▶ [Input for this task]
_ _ _ _ _

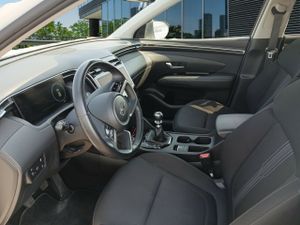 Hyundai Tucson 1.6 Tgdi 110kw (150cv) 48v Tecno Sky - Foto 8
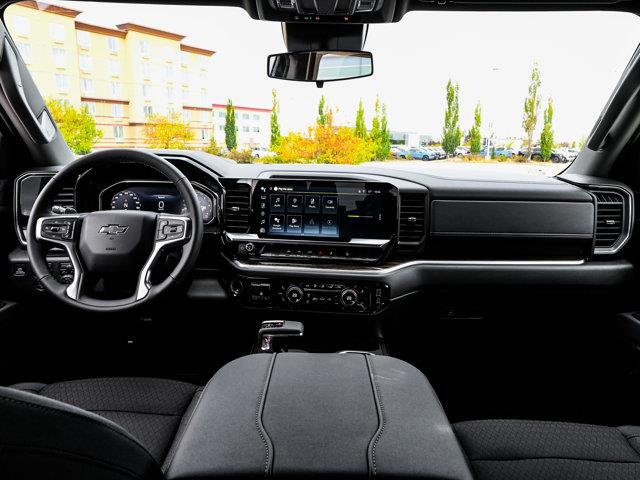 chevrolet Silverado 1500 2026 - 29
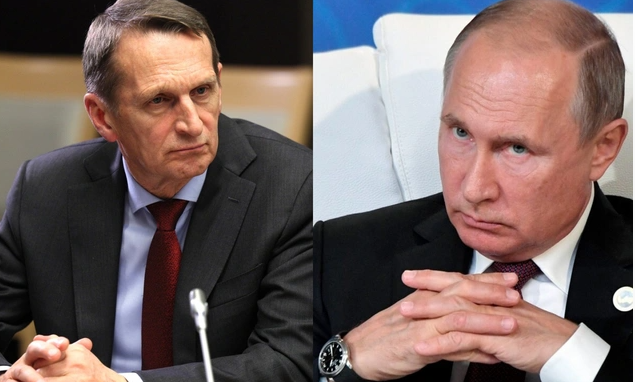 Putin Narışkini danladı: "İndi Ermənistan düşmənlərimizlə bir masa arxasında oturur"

_ _ _ _ _

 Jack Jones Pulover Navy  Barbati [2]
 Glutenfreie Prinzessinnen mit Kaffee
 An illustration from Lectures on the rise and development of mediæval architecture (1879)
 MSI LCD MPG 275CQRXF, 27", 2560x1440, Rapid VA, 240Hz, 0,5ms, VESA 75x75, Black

_ _ _ _ _

▶ [Exercise details]
Would you please copy exactly the part of the entries above that begins at the line containing "An illustration from" and ends at the line containing "MSI LCD MPG", both lines included?

▶ [Output of the task]
 An illustration from Lectures on the rise and development of mediæval architecture (1879)
 MSI LCD MPG 275CQRXF, 27", 2560x1440, Rapid VA, 240Hz, 0,5ms, VESA 75x75, Black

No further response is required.